Even though the wine list at Press is 90 percent from Napa Valley, Morrow believes that the decision to focus on domestic wines should depend on the restaurant’s location and demographic of guests. “I think restaurants should support domestic wine, but not do so at a detriment to their business and who they’re serving,” he says.

In New York, Marshall shares that while it’s relatively easy for restaurants to buy wine from within the state, it’s nearly impossible to purchase bottles from neighboring regions in New Jersey, Maryland, and Virginia. New York winemakers that produce under 250,000 gallons of wine annually can sell directly to restaurants under a Farm Winery License.

Charlie Marshall from The Marshall.
Credit: The Marshall


But for surrounding areas to get bottles across state lines they need to be carried through a distributor in that specific state, which is a large hurdle for smaller wineries. So while New York restaurants have a plethora of options as the third-largest wine-producing state in the U.S., other areas are often out of luck when it comes to accessing America’s treasure trove of up-and-coming producers.

Furthermore, the U.S. doesn’t have as many options as Europe when it comes to good-quality bargain bottles that offer big margins on by-the-glass lists. “When you can choose from a world of wines, you can get those really cheap bottles that still show well, and this can be very profitable for the restaurant,” Marshall says. “Those kinds of deals or finds aren’t really present in the [domestic] market.”

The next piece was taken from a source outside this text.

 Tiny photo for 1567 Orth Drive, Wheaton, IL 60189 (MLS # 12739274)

Even so, some restaurants have found a compromise that allows them to minimize their environmental impact while also staying on budget. Woodford Food & Beverage in Portland, Maine, opened in 2016 with the goal of embodying the quintessential American brasserie with a sustainable edge. The restaurant’s by-the-glass pours come from around the world, but are sourced from sustainable producers and mindfully transported. Many arrive from Europe in large vats or kegs rather than heavy glass bottles. Additionally, the restaurant’s bottle list is solely domestic, featuring both classic and emerging producers.

All About Education

As with almost everything in wine, education is a key part of this puzzle and restaurants have one of the best platforms to provide it. Sommeliers have the opportunity to share America’s most exciting producers directly with their guests, and the power to win over even the most stubborn Euro-centric drinkers.

“We’ve always gotten a little bit of pushback from guests, but we have to remind them we’re doing something specific here,” Provenzano says. “None of the fish is from Japan, so it just feels ridiculous for us to bring in wines from across the world.”

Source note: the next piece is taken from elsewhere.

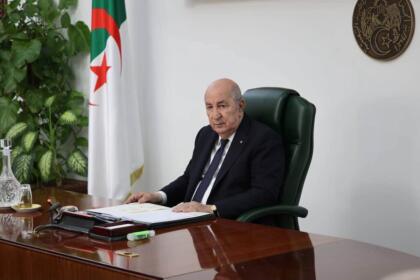 Abdelmadjid Tebboune à son bureau, à la Présidence de la République.
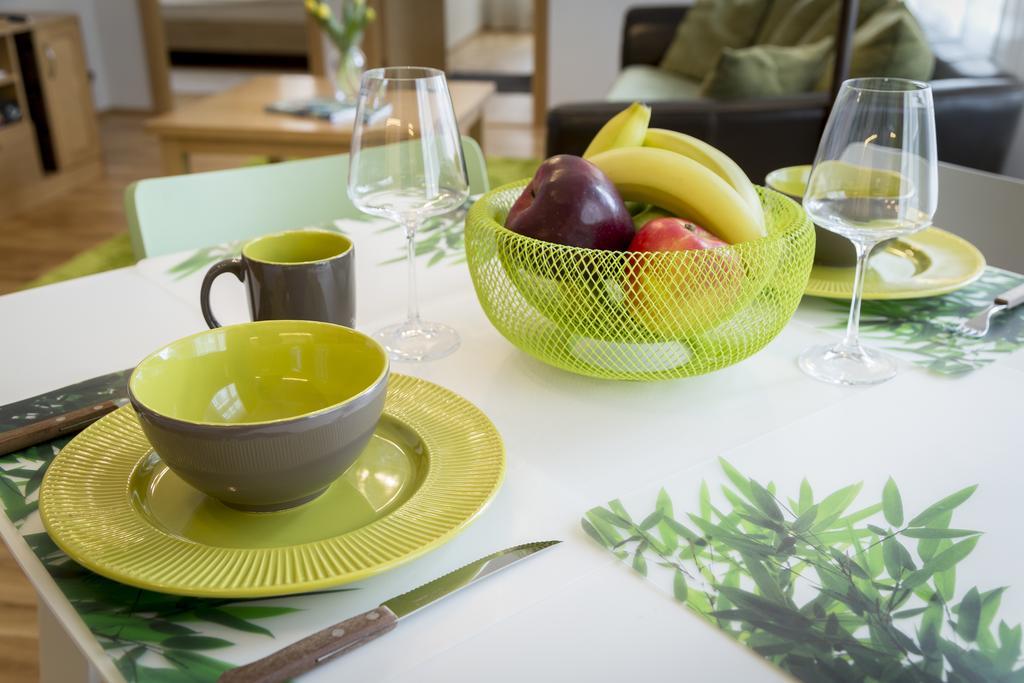 Saaresalu City Center Apartment Pärnu Eksteriør bilde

To sell New York wines to skeptics, Provenzano uses the element of surprise. He trains the staff to talk about the characteristics of a wine, pour the customer a taste, and discuss why they like it, and then reveal where it’s from. “This way we don’t let them be inhibited by any preconceived notions.” Zhao also encounters doubters at Silver Apricot, and puts the sommelier tradition of blind tasting to good use in such instances, pouring examples from the U.S. next to wines from France.

But it’s not just convincing patrons that U.S. wines can be excellent, even though that’s half the battle. It’s also conveying how supporting local producers has the added benefit of being more eco-friendly.

“Someday, if you’re served a wine that’s coming from Chile or Spain, are people going to turn up their nose the same way as when they hear that Harry and Megan fly private instead of commercial?” Marshall says. “I think that attitude is changing.”